This morning in meditation class I spent some time with my thoughts and my feelings.  They race.  A lot.  Some are good, some are okay, and some are not so good.  I wish to keep the good ones.  Not the okay, and not the not-so-good.  I went to an empty field in my subconscious.  I asked a contractor to come with me, the contractor that always builds things for me in my subconscious.  He never turns me down.  “I want a vault,” I told him.  “I’m not building you a vault.  You want to lock things up?”  He asked, not expecting an answer.  “You are going to have to build your own.”  And with that he turned around and deserted me there.
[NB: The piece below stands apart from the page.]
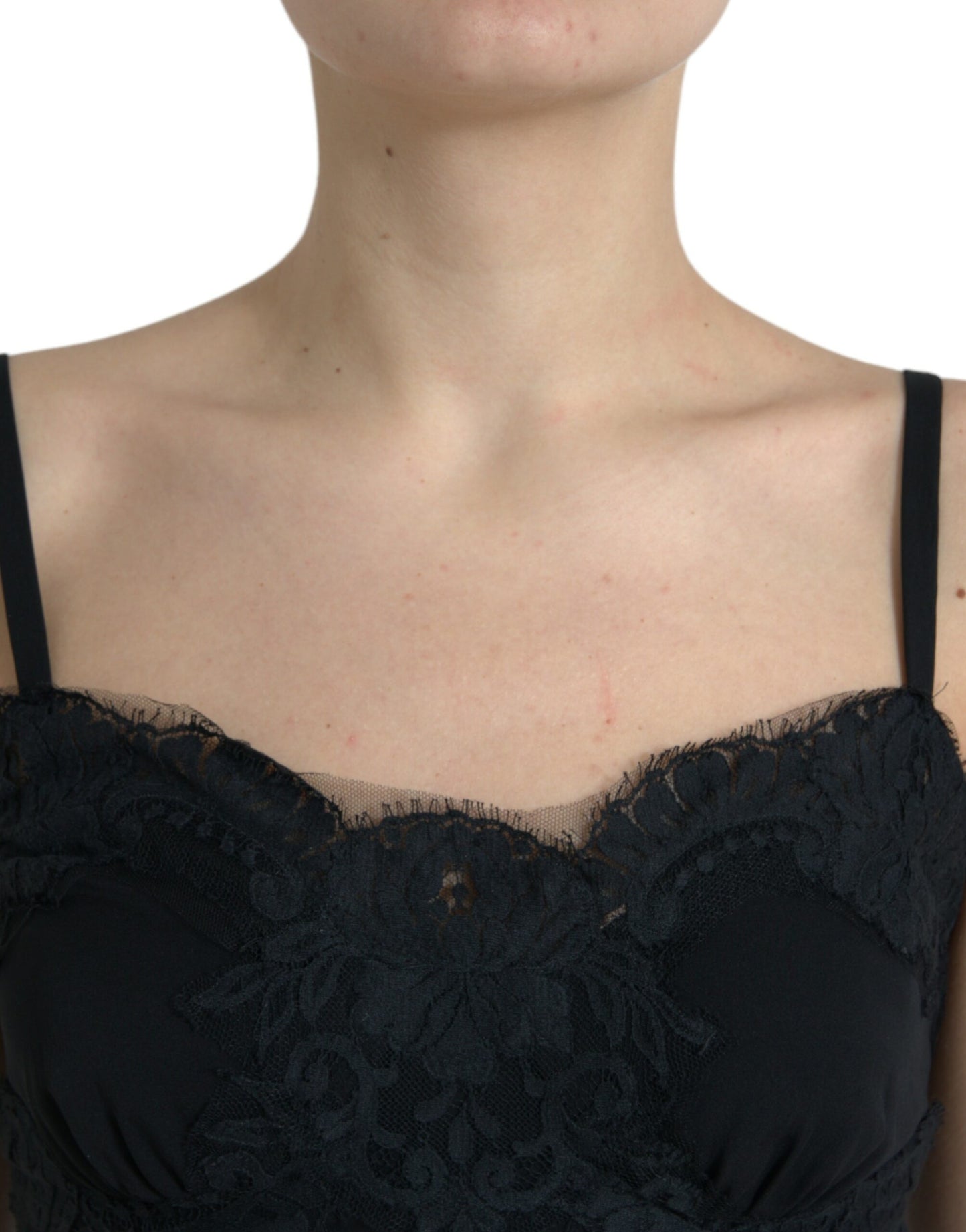 Елегантна чорна шовкова безрукавка Dolce &amp; Gabbana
I could build my own vault.  This was my subconscious.  All I had to do was imagine it, and it would manifest.  I could make it as vast and secure as I wanted.  I could store everything I didn’t want to ever visit again in there.  I could hide it all away forever, where none of it would be felt or thought of again, where it all could just rot. 


So I built a Japanese Zen Garden.  A beautiful garden with a stream and a bridge and a pond and a place to sit and just look at it all.  I sent the okay and not-so-good thoughts and feelings packing.  They were not to be held on to, so they left.  When we do that, when we let those thoughts and feelings go, they do so, because that is our will. 
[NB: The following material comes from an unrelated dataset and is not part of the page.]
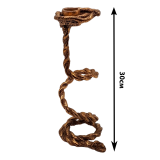 Итальянский бронзовый подсвечник ручная работа техника огненный воск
It is a beautiful garden with a stream and a bridge and a pond and, like I already mentioned, a place to sit and just look at it all.


There are trumpet-shaped Azalea’s in pink, yellow, salmon, red, violet and white, blasting their colors into the sky above.  If you stand next to them you can feel their colors launch through the space you are in and pass through your mind, painting your thoughts, your good thoughts, with beauty as they go on their way. 


And there is bamboo to give structure to each moment, the perfect plant from which to build with.  My thoughts and feelings, the good ones, were memories that needed to rest after a day of exercise and play, and this bamboo provided a home for them.  And it provided the bridge from which to cross in solitude, or from which to jump from to the cool water below when in the mood for euphoric play. 


Camellia grows for hundreds of years, a constant reminder that this garden is forever, and will only bristle more with life as time goes on, never one to die. 


The Cherry Tree blesses this garden each season, breaking up the monotony of time passing into times remembered. 


The Hosta gives shade in times when shade is needed, when my feelings need to have seclusion, when my thoughts need to hide from the judgments and expectations of others. 


Hydrangea gives a celebratory flavor to this garden, beautifying it simply to do so.  Sometimes in life beauty is just simply that, and this flower reminds me of that.


The Iris pulls water from the stream and fills the air with moisture.  All living things need that moisture.  We are all water, fluid, and with the Iris in this garden that fluidity is all around. 


The Lotus sprinkles its zest for living in the pond.  Each flower gives the loving water below it purpose.  A reason to be there so that the flower may grow, just like each of us has a reason to be so that others may grow. 


And the Wisteria Vine paints in the voids.  The garden is not complete without it, weaving its way through every open space, giving background to the setting.  There is no need for a wall, or a fence, or any constructed barrier.  The vine provides an encasing that lives and breathes and invites all to come in. 


I built a garden.  It was such a better choice than a vault.